The result was that in later centuries, horsepower and spoked wheels become commonplace, and languages as diverse as Punjabi, Polish and Welsh can be traced back to the same root.

Horse genes and human intervention

That domestication event was just the beginning of a relationship between people and horses — and between people and the horses’ DNA. Human management can do striking things to animal genomes over millennia.
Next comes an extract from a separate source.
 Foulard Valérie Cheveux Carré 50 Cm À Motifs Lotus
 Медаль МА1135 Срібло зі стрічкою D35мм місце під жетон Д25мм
For example, all the Y chromosomes of modern domestic horses — passed only through the male line — are nearly identical. To track how this happened, Ludwig, Orlando and colleagues examined the Y chromosomes of 96 Eurasian stallions from the past 5,000 years. While Y chromosomes started out rather diverse, they became more similar with time, with big changes starting about 1,500 years ago. This corresponds to when certain bloodlines, such as Oriental horses, became popular for breeding, says Orlando.

But even that level of breeding is mild compared with what’s happened in the last 200 years. The diversity of the horse genome has dropped further since, even as specific breeds acquired genes that create their defining characteristics.

Petersen, of the University of Nebraska-Lincoln, has studied modern breeds to identify regions of the genome associated with color, speed, gait and size. For example, changes to the gene for the muscle protein myostatin are known to occur in racing breeds  such as thoroughbreds. Petersen also looked at the “gaited breeds”  with unusual styles of locomotion — in her words, “horses that move funny” — which are often more comfortable to ride. These breeds typically possess DNA changes in a particular spot, which acts as a sort of “master switch” for gait. That spot contains a gene called  DMRT3; a shortened version of the protein it encodes has been  linked to horse gait. And mice lacking the gene altogether have problems with how their spinal nerves function.

Genomes aside, there’s undoubtedly something special about the horse-human connection, says Orlando, who took up riding lessons in 2019.

“You have the feeling, when you ride, that this animal understands you and you understand this animal,” he says. “You also have this feeling of mastering this big animal — it makes you feel powerful.”

With that opportunity, how could our human ancestors possibly resist making horses their best friend, in peace and war, in work and leisure? It was a match for the ages.